Blogpost Part 1 gives a high level overview of the sectoral analysis conducted to date on the business environment of Avoca Handweavers
Blogpost Part 2highlights the main points of the PESTLE analysis undertaken, and then guides you through a more detailed PESTLE analysis of the external business environment of Avoca_________________________________________________________________________
We’ve seen the high level view of the sector in which Avoca operates in blogpost 1 of this series. We also looked at the highlights of of a detailed PESTLE analysis in blogpost 2. In this third and final blogpost of the series, we look at where Avoca may need to focus on now in terms of meeting the current and future challenges of the business in the business environment in which it operates.
From the application and analysis of the SWOT, PESTLE, Porters 5 Forces and various other models used, it is evident that Avoca will need to address a number of aspects around the the external environment of their business.

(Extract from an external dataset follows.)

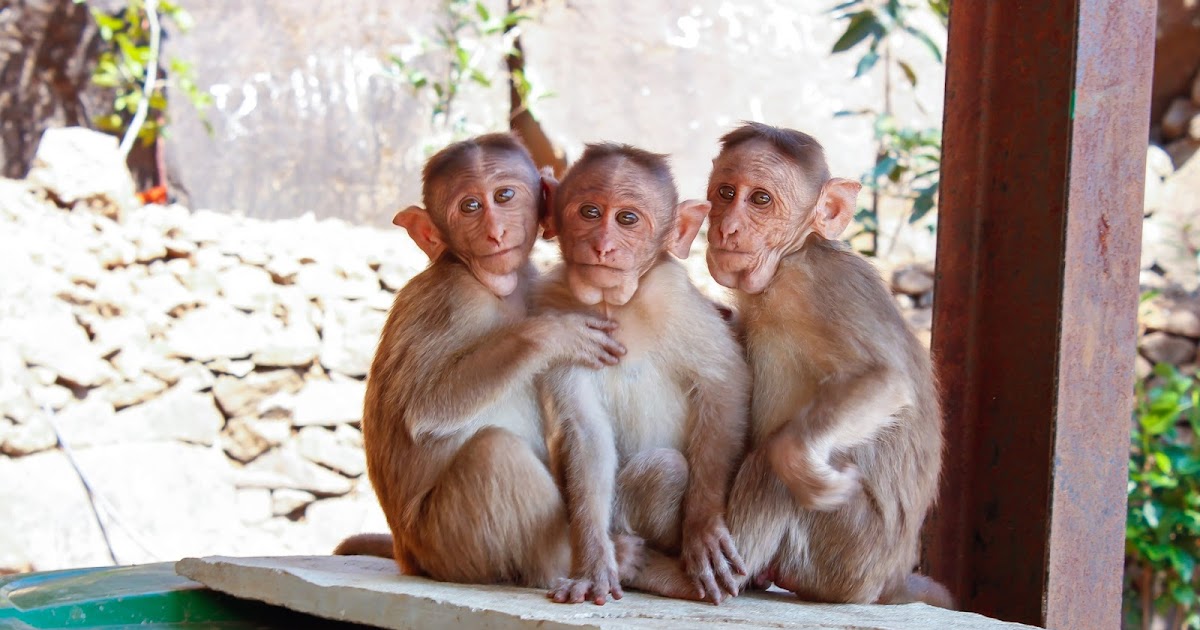 Image result for સગપણ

They need to budget for any increase in VAT on the services sector as although lobbying through industry groups can help there is no certainty the tax rate of 9% will be maintained into the future.
The same applies for business and service rates which will rise in the near future as the effect of the recent Local Government Reform Act 2014 will mean the local government bodies and not the Irish Government, will need to raise more revenue to fund day to day operations.

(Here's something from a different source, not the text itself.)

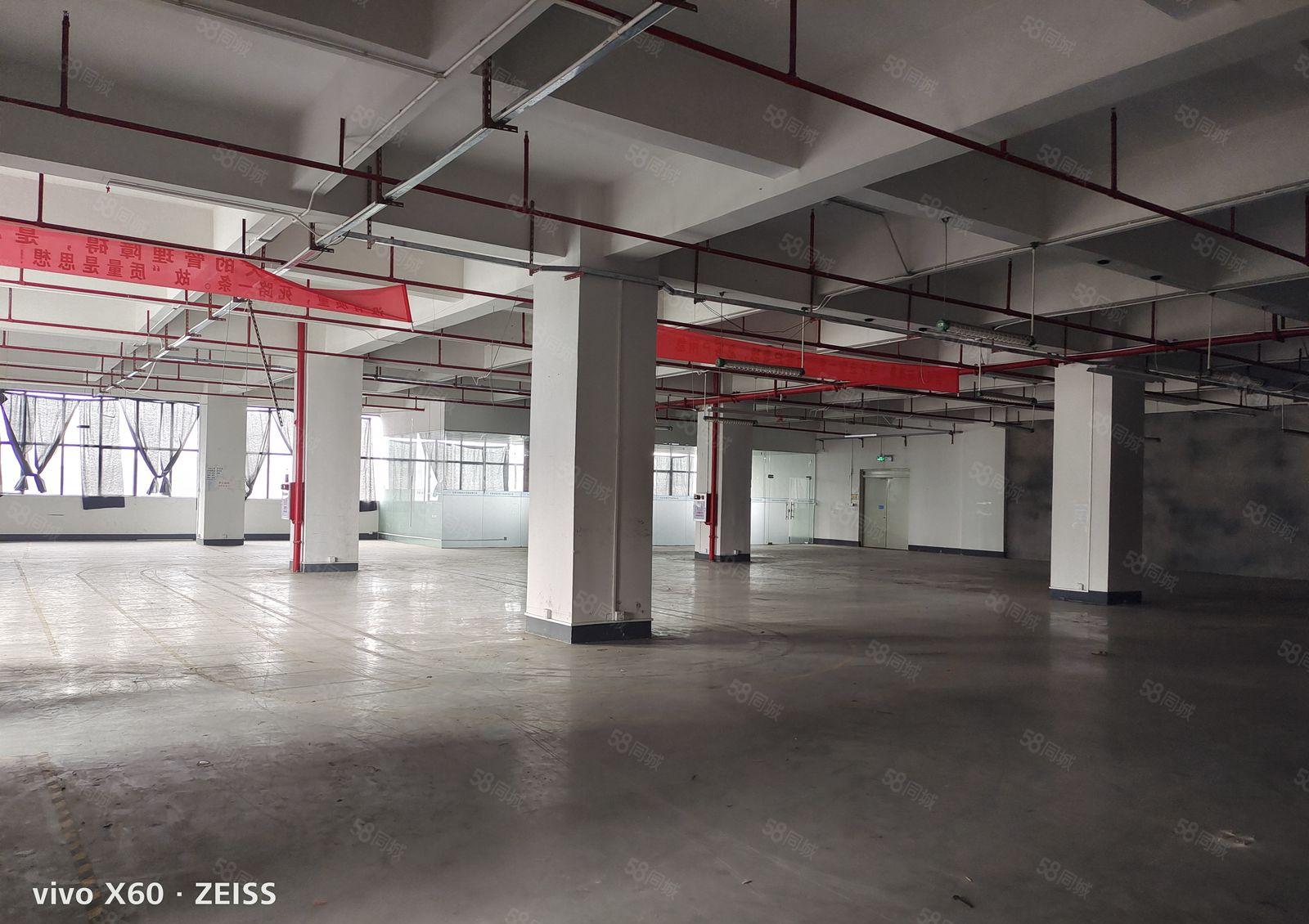 虎门镇树田分租重工业厂房4楼1150平方厂房出租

Avoca, like other businesses in retail today, will need to recognize the key drivers for change, especially in the technological areas. Greater investment in I.T. will need to be made in order to meet the future needs, requirements and expectations of their customers and suppliers.
Innovations in mobile point of sale and other 1 touch payment solutions means Avoca and the rest of the retail sector need to start now to scale up their Ecommerce capabilities in order to substantially future proof their business.

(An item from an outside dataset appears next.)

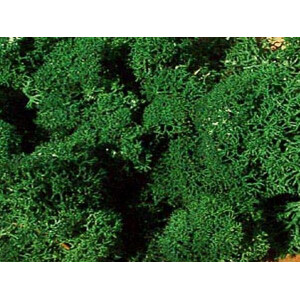 Heki 3211 Islandmoos, dunkelgrün, 30 g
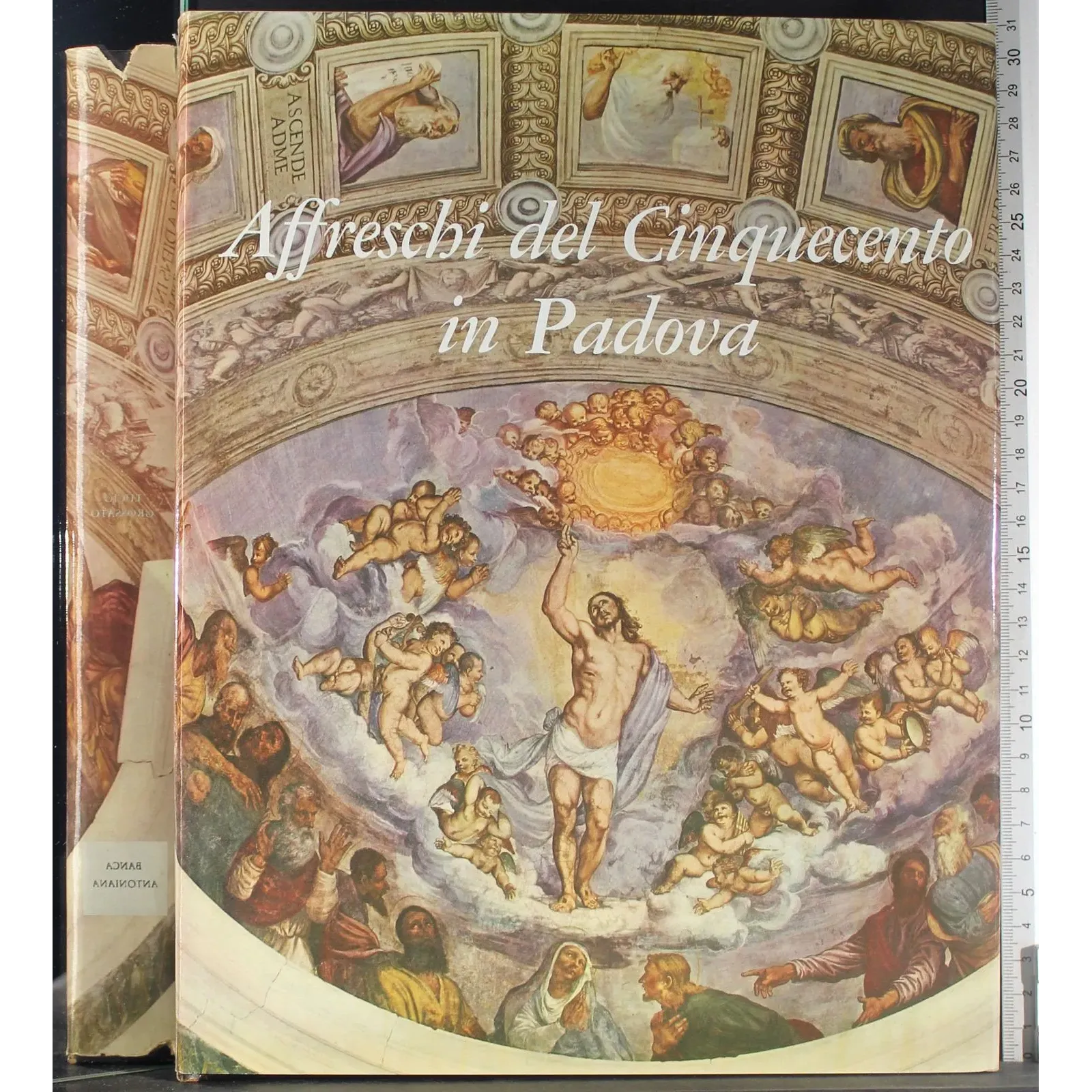 Affreschi del Cinquecento in Padova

Another key area that Avoca needs to be more focused upon is the existing legal structure of the company. If Avoca plan to scale the business and grow, then greater clarity around its legal construct is needed if they are to try and raise finances from private equity funds or venture capitalists.
A major driver for change is the resurgence of the commercial property market in Dublin. Avoca have some upwards only leases and the profits they have been using to expand the business organically may be soaked up once more in higher rents and rates. They will need to prepare for this key driver by perhaps decoupling or divesting part of the overall business in order to minimize exposure to risk.